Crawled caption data
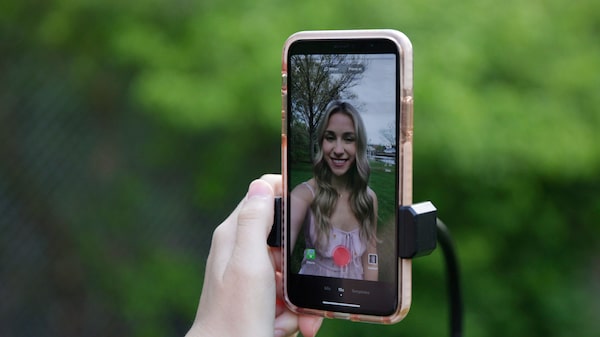 TikTok le pisa los talones al dominio del livestream de Twitch TikTok le pisa los talones al dominio del livestream de Twitch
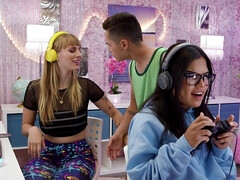 Grosser schwanz, Grosse titten, Blasen, Jungendliche (18+)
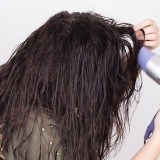 Enrole o cabelo com um lápis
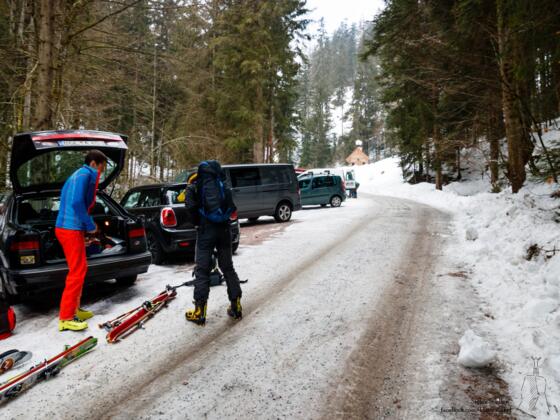 Parkplatz mit Kapelle im engen Tal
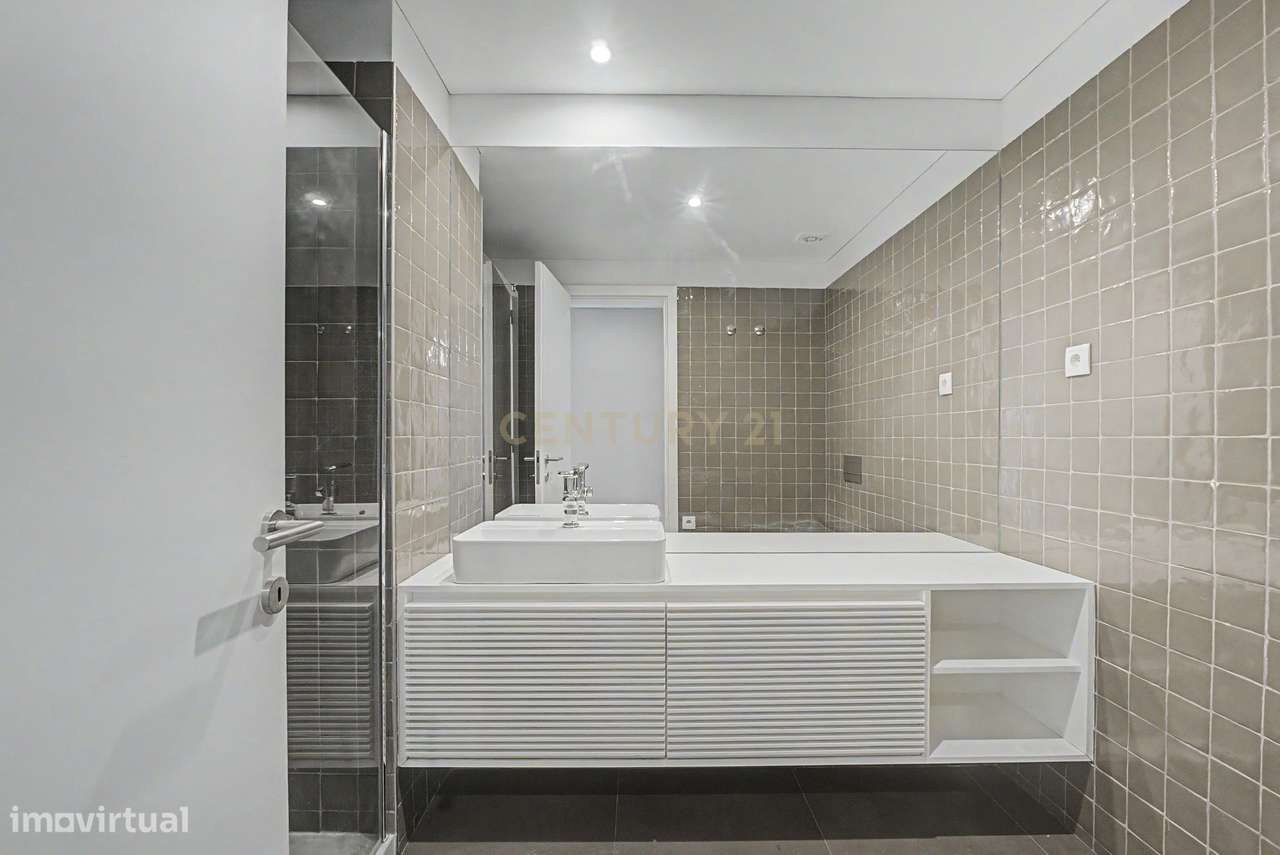 Apartamento T4 Exclusivo em Primeira Linha de Mar | Canidelo-11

* What needs to be done
Only the lines from the one containing "Parkplatz mit Kapelle im engen Tal" through the final line of the data should be given again, exactly and without pictures.

* Solution to this exercise
 Parkplatz mit Kapelle im engen Tal
 Apartamento T4 Exclusivo em Primeira Linha de Mar | Canidelo-11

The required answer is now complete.